Logo depois do resultado da apuração das urnas, no dia 7, o candidato Jair Bolsonaro (PSL) afirmou que irá “botar um ponto final em todos os ativismos do Brasil”. No mesmo dia, o mestre de capoeira Moa de Katendê, de 63 anos, foi assassinado na Bahia com doze facadas em seu corpo. No centro de Curitiba, um carro foi atirado contra o cineasta Guilherme Daldin, que vestia uma camiseta com a imagem do ex-presidente Lula. Na terça-feira, um estudante da UFPR foi brutalmente ferido por um grupo de 15 pessoas que gritavam apoio à Bolsonaro. Na mesma ocasião, a Casa da Estudante Universitária (CEUC) e a biblioteca da universidade também foram depredadas.

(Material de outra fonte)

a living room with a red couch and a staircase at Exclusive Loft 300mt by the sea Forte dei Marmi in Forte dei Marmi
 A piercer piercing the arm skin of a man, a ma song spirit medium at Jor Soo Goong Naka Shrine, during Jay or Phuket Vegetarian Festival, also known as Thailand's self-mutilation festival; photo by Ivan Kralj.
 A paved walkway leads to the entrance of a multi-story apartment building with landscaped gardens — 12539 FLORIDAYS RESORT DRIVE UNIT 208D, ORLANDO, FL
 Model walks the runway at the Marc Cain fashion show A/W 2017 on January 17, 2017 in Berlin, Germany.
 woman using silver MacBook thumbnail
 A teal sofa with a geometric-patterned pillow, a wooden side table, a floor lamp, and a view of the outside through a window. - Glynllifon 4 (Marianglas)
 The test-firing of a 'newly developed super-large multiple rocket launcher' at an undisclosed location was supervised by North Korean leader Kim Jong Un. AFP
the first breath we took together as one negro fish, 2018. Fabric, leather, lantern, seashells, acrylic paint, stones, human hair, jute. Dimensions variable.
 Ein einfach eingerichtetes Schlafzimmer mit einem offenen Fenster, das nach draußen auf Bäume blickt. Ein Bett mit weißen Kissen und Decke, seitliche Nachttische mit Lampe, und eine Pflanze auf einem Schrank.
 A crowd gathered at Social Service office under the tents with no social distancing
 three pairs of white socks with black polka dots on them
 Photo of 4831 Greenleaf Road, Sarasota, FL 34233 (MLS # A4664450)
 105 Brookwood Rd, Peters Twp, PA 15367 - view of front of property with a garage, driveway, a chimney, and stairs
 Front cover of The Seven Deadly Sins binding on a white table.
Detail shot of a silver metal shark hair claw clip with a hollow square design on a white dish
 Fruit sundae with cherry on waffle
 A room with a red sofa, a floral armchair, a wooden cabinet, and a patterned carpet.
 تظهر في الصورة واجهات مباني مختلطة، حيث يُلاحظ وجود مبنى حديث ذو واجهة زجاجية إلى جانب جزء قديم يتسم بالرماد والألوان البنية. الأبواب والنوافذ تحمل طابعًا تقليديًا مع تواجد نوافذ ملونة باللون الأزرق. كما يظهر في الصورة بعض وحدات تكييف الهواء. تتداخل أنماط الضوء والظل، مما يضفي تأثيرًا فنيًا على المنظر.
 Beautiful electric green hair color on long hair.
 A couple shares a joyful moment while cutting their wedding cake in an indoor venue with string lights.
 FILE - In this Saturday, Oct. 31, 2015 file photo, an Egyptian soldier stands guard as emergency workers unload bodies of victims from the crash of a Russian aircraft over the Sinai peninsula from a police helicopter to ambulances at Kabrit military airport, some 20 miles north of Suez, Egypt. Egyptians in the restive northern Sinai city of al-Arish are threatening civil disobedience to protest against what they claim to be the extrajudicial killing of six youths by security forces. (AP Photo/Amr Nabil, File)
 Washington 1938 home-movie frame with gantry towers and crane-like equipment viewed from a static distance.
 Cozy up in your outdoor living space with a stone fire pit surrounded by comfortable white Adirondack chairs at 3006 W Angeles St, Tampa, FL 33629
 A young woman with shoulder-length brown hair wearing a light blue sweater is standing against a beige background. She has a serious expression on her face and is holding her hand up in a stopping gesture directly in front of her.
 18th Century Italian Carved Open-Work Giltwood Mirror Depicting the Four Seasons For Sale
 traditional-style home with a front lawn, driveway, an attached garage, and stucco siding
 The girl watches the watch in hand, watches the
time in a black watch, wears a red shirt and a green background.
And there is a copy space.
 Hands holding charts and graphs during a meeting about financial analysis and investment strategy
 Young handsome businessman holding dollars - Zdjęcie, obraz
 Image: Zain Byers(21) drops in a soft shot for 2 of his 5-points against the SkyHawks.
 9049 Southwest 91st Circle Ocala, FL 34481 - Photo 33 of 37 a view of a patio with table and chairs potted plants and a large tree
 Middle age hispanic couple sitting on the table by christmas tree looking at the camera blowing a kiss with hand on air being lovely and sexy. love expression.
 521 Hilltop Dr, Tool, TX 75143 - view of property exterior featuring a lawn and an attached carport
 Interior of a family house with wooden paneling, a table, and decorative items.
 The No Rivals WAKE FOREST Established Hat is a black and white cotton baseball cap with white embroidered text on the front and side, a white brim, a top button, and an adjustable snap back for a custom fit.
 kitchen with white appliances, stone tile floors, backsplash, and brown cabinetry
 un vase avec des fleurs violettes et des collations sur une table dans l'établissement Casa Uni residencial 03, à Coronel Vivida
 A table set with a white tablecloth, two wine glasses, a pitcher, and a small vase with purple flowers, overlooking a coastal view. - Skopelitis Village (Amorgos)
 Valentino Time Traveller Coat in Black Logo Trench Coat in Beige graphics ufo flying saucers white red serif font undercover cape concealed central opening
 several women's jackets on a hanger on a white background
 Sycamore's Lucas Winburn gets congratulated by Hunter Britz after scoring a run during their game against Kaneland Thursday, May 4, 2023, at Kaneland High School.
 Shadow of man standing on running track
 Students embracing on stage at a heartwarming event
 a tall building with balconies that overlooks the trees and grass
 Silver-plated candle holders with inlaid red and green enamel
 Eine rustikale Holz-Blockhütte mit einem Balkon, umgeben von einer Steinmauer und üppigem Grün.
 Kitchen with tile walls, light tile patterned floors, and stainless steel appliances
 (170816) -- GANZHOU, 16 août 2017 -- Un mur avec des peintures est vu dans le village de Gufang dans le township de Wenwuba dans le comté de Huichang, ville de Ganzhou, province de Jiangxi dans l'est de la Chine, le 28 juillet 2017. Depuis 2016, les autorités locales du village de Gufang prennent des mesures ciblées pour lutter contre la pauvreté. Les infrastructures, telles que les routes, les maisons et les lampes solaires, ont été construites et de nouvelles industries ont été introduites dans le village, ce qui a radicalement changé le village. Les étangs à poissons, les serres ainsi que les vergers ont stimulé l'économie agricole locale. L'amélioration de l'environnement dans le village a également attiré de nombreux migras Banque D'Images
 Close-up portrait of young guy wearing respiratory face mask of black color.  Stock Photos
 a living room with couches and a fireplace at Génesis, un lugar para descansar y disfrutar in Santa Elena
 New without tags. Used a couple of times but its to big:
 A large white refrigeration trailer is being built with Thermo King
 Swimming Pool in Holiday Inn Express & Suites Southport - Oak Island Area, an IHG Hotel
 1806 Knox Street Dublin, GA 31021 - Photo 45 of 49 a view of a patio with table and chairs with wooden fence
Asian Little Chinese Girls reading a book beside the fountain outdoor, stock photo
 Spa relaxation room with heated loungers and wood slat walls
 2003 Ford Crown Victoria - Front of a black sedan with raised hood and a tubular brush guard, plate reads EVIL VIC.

Em 28 de outubro haverá o segundo turno das eleições presidenciais no Brasil. São menos de três semanas para o domingo em que, nas urnas, o povo brasileiro deverá escolher entre dois projetos de país. A cada dia fica mais evidente o que está em jogo. O candidato Bolsonaro apresenta a segurança como sua principal pauta, mas destinou apenas 0,3% de seu orçamento na área, ao mesmo tempo em que incentiva a violência. Para andarmos seguros nas ruas, é preciso não eleger o ódio e sim melhorar a economia e valorizar os trabalhadores. Por isso, neste momento, o voto em Haddad é necessário para a defesa de nossas vidas.